## QuickSpec and the quest for good lemmas

Given a fixed set of proofs, it is natural to consider a lemma to be good to the extent it enables compression of the proofs. But how might we know if a lemm...

Given a fixed set of proofs, it is natural to consider a lemma to be good to the extent it enables compression of the proofs. But how might we know if a lemma is good before we know how it will be used? Although I do not expect there to ever be a definitive answer to this question, a recent paper out of Chalmers University of Technology suggests a simple and perhaps even useful starting point: a lemma is good if it is minimal and non-redundant. The authors have also released a functioning Haskell library called QuickSpec that finds “good” lemmas about a set of user-provided functions. In this post, we will give a brief overview of their approach and look at a few examples.

As mentioned above, the basic premise of QuickSpec is that a lemma is good if it is minimal and non-redundant.

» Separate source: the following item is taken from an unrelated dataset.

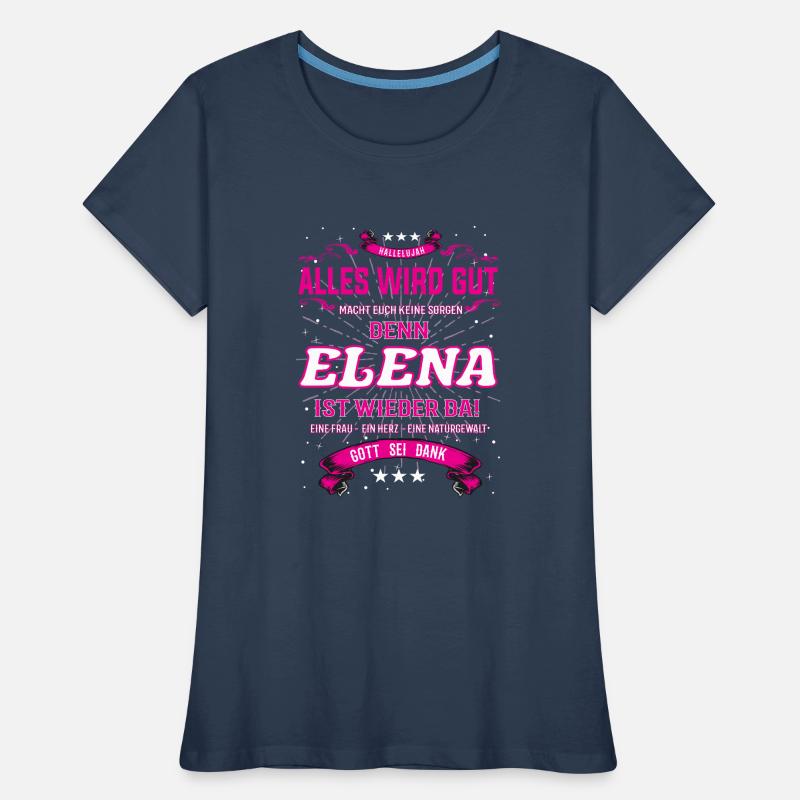 Alles wird gut, denn Elena ist wieder da Frauen Premium Bio T-Shirt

Here *minimal* means minimal in terms of an ordering on lemma statements, and *non-redundant* means it does not follow from smaller lemmas based on first-order equational reasoning alone. QuickSpec looks only for equational lemmas, and (ignoring many crucial optimizations) it proceeds by enumerating all possible terms (which may contain free variables) in increasing order. For every term, it normalizes it with respect to the confluent rewriting system induced by the existing set of equational lemmas. If its normal form has already been visited, it is considered redundant and is discarded. Otherwise, it is evaluated on random inputs and compared to previously visited terms. If it is found to be disequal to all of them, it is simply added to the set of visited terms. On the other hand, if it “seems” to be equal to a visited term, the conjecture that the two terms are indeed equal is added to the set of minimal non-redundant (though unproven) lemmas.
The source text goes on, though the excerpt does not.